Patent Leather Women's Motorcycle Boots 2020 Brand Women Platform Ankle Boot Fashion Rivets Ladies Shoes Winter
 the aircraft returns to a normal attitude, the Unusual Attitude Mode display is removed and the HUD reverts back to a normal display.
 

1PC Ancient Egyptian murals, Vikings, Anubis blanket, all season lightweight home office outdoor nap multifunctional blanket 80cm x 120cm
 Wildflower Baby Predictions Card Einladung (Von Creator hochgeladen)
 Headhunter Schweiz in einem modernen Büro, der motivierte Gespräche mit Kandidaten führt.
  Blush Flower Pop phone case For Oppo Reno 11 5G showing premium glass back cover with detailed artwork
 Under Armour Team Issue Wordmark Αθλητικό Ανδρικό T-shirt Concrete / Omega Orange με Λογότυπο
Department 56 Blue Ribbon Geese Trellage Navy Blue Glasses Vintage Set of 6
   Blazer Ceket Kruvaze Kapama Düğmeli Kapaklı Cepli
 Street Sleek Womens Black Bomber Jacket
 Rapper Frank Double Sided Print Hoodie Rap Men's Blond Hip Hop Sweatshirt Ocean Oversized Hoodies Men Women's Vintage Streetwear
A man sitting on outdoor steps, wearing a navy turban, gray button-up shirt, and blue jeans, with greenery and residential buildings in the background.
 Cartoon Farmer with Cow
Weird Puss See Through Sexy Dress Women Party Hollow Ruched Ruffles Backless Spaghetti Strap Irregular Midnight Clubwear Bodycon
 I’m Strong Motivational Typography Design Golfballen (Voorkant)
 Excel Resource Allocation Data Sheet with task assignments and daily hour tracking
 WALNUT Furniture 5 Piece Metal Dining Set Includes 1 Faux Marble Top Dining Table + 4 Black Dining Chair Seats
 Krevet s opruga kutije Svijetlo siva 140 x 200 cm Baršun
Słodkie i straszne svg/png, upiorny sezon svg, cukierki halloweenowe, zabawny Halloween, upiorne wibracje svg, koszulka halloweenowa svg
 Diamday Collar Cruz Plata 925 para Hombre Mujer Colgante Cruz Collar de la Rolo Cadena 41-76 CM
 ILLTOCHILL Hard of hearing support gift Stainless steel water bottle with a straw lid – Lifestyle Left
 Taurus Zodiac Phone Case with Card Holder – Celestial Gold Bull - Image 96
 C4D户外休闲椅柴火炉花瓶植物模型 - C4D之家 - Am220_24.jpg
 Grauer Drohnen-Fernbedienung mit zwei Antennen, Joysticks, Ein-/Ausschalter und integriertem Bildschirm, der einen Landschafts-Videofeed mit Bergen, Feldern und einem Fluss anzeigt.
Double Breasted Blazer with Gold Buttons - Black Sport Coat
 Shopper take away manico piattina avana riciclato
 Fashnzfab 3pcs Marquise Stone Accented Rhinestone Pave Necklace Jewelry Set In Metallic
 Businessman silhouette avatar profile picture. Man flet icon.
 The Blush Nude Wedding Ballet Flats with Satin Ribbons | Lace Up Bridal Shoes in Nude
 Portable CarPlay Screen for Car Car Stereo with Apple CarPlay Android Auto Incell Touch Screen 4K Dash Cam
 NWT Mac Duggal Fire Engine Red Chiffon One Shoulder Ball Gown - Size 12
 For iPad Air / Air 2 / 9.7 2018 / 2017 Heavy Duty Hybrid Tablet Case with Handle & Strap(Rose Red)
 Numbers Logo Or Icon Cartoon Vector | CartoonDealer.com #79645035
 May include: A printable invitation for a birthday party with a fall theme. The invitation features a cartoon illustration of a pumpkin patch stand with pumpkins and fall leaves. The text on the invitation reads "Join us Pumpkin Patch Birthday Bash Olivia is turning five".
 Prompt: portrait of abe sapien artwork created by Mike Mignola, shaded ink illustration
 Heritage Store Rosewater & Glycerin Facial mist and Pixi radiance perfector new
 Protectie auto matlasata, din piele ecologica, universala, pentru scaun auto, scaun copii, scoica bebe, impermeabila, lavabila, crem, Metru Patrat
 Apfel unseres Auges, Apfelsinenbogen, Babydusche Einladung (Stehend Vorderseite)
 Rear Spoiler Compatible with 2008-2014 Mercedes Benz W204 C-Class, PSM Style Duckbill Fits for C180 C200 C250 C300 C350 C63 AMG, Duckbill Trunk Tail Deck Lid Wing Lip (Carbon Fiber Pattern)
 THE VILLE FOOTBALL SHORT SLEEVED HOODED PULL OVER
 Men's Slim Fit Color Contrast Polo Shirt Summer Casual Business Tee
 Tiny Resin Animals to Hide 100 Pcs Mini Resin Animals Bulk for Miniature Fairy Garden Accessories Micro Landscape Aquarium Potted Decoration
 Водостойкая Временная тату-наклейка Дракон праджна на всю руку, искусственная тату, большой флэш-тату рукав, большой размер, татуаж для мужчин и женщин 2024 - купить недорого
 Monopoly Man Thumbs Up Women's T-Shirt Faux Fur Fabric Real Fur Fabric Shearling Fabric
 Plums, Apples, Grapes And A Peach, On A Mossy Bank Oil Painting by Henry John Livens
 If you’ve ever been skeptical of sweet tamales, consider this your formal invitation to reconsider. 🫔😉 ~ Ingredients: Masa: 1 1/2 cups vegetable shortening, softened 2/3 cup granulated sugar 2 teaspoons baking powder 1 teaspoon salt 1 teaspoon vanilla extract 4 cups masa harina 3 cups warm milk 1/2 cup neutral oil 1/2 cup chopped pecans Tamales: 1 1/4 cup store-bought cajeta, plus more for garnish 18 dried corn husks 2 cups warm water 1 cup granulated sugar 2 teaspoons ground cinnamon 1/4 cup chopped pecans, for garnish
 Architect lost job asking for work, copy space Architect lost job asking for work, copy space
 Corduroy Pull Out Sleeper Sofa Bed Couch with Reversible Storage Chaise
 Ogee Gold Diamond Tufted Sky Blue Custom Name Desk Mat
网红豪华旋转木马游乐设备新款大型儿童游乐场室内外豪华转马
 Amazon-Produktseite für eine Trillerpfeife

--*--

■ YOUR INSTRUCTIONS
The lines from the one with "Apfel unseres Auges, Apfelsinenbogen, Babydusche" through the end of the data above are to be set down exactly, with both boundary lines included and no other lines.

■ EXERCISE RESULT
 Apfel unseres Auges, Apfelsinenbogen, Babydusche Einladung (Stehend Vorderseite)
 Rear Spoiler Compatible with 2008-2014 Mercedes Benz W204 C-Class, PSM Style Duckbill Fits for C180 C200 C250 C300 C350 C63 AMG, Duckbill Trunk Tail Deck Lid Wing Lip (Carbon Fiber Pattern)
 THE VILLE FOOTBALL SHORT SLEEVED HOODED PULL OVER
 Men's Slim Fit Color Contrast Polo Shirt Summer Casual Business Tee
 Tiny Resin Animals to Hide 100 Pcs Mini Resin Animals Bulk for Miniature Fairy Garden Accessories Micro Landscape Aquarium Potted Decoration
 Водостойкая Временная тату-наклейка Дракон праджна на всю руку, искусственная тату, большой флэш-тату рукав, большой размер, татуаж для мужчин и женщин 2024 - купить недорого
 Monopoly Man Thumbs Up Women's T-Shirt Faux Fur Fabric Real Fur Fabric Shearling Fabric
 Plums, Apples, Grapes And A Peach, On A Mossy Bank Oil Painting by Henry John Livens
 If you’ve ever been skeptical of sweet tamales, consider this your formal invitation to reconsider. 🫔😉 ~ Ingredients: Masa: 1 1/2 cups vegetable shortening, softened 2/3 cup granulated sugar 2 teaspoons baking powder 1 teaspoon salt 1 teaspoon vanilla extract 4 cups masa harina 3 cups warm milk 1/2 cup neutral oil 1/2 cup chopped pecans Tamales: 1 1/4 cup store-bought cajeta, plus more for garnish 18 dried corn husks 2 cups warm water 1 cup granulated sugar 2 teaspoons ground cinnamon 1/4 cup chopped pecans, for garnish
 Architect lost job asking for work, copy space Architect lost job asking for work, copy space
 Corduroy Pull Out Sleeper Sofa Bed Couch with Reversible Storage Chaise
 Ogee Gold Diamond Tufted Sky Blue Custom Name Desk Mat
网红豪华旋转木马游乐设备新款大型儿童游乐场室内外豪华转马
 Amazon-Produktseite für eine Trillerpfeife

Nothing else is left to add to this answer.